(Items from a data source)

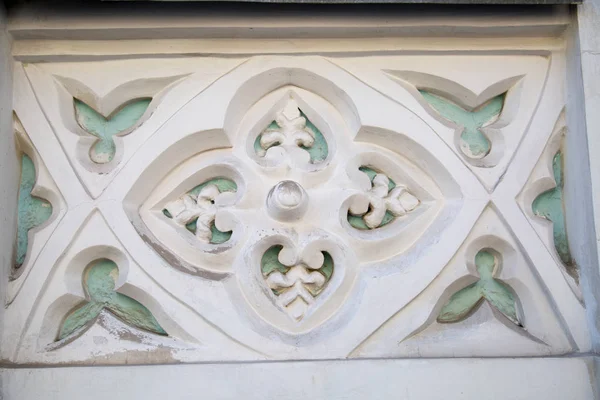 The element of finishing of a facade plaster. Rectangle inside four flowers at the edges of the petals are white some elements are turquoise. Architecture design details construction.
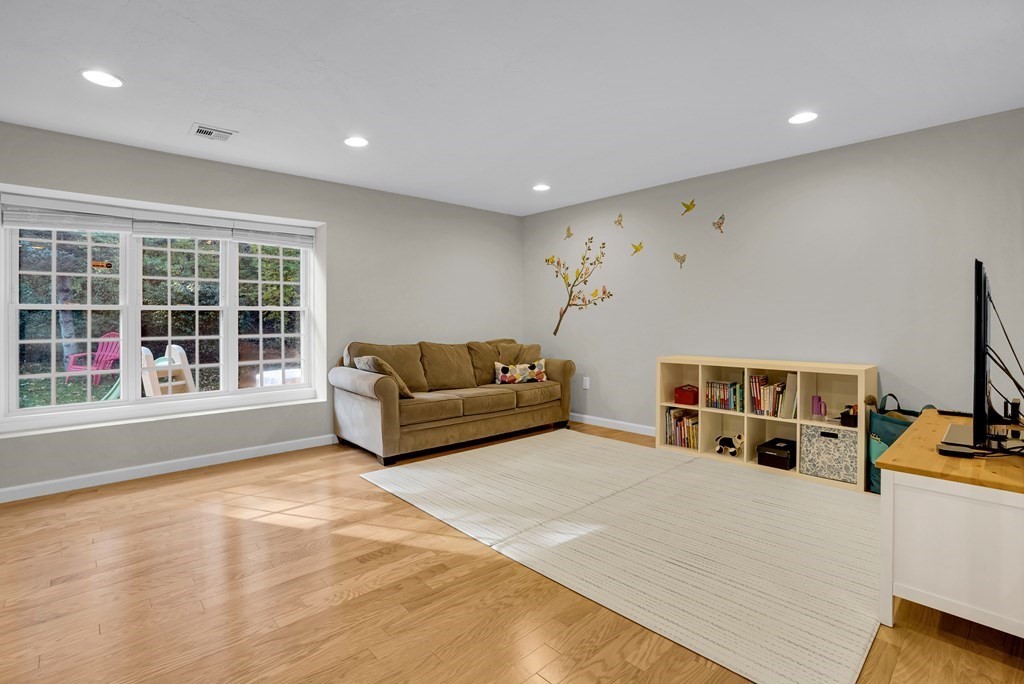 214 Ridgefield Circle, Unit B Clinton, MA 01510 - Photo 2 of 32 a living room with furniture and a flat screen tv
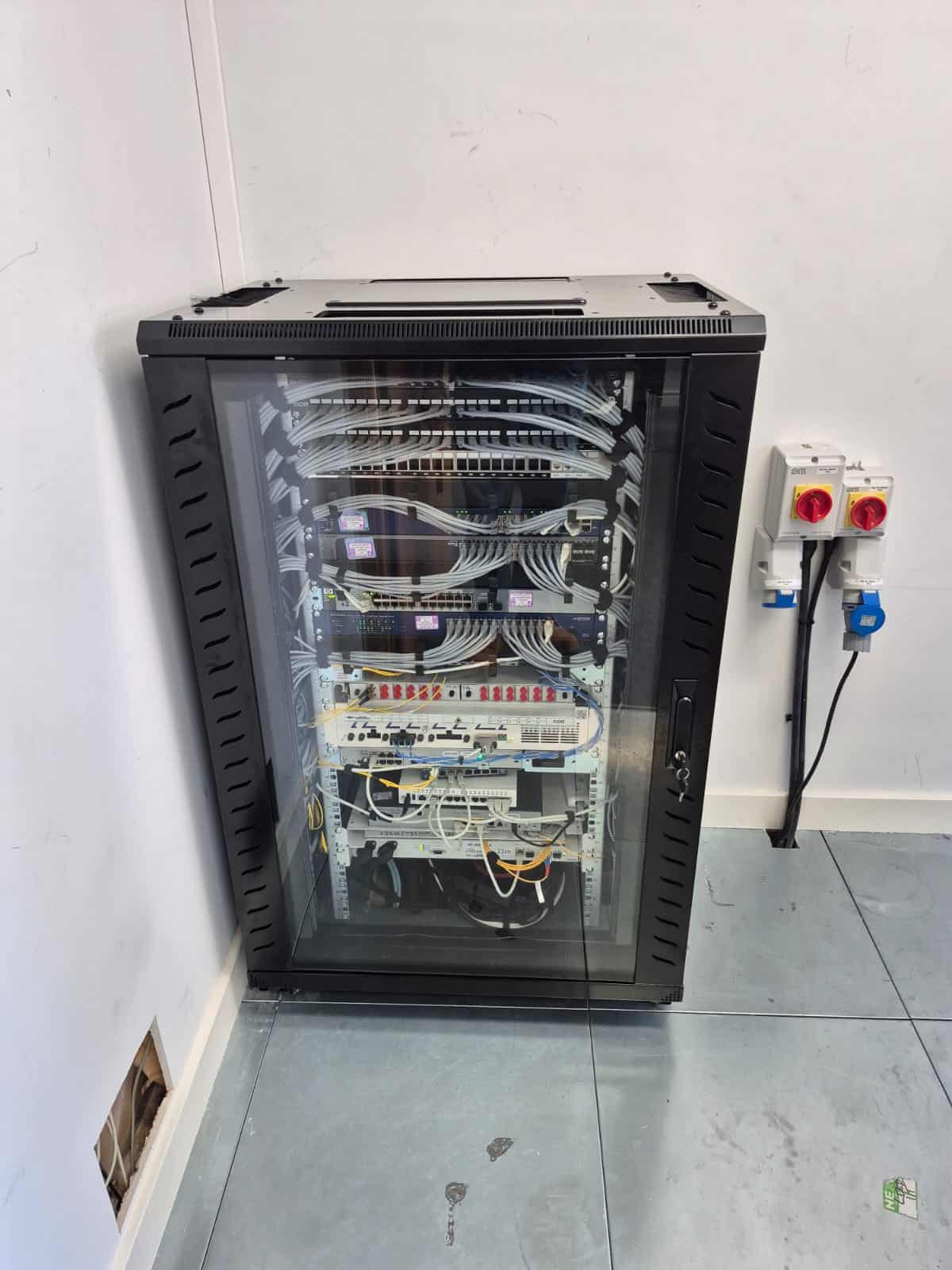 Completed and commissioned 24U communications cabinet at Zaiwalla & Co, Holborn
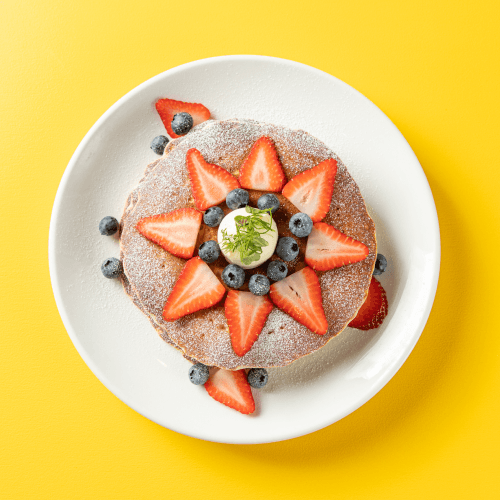Classic buttermilk pancakes with strawberries and blueberries
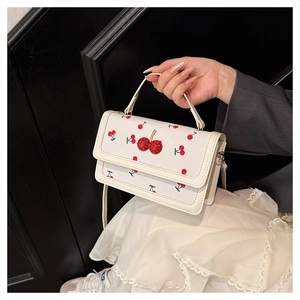 Detail of white fashion handbag with cherry prints and 3D cherry buckle detail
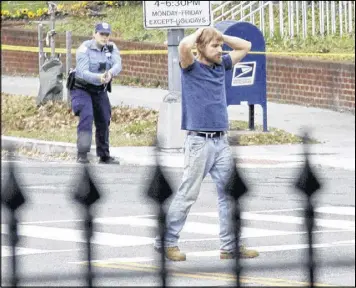  ??  ?? Edgar Maddison Welch, 28 of Salisbury, N.C., surrenders to police Sunday in Washington after firing an assault rifle inside a pizza restaurant where conspiracy theorists said a child sex-ring was being operated.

What the task requires
Output only the lines running from the line with "Completed and commissioned" through the last line of the entries above, inclusive, with pictures excluded.

Response to this task
 Completed and commissioned 24U communications cabinet at Zaiwalla & Co, Holborn
Classic buttermilk pancakes with strawberries and blueberries
 Detail of white fashion handbag with cherry prints and 3D cherry buckle detail
  ??  ?? Edgar Maddison Welch, 28 of Salisbury, N.C., surrenders to police Sunday in Washington after firing an assault rifle inside a pizza restaurant where conspiracy theorists said a child sex-ring was being operated.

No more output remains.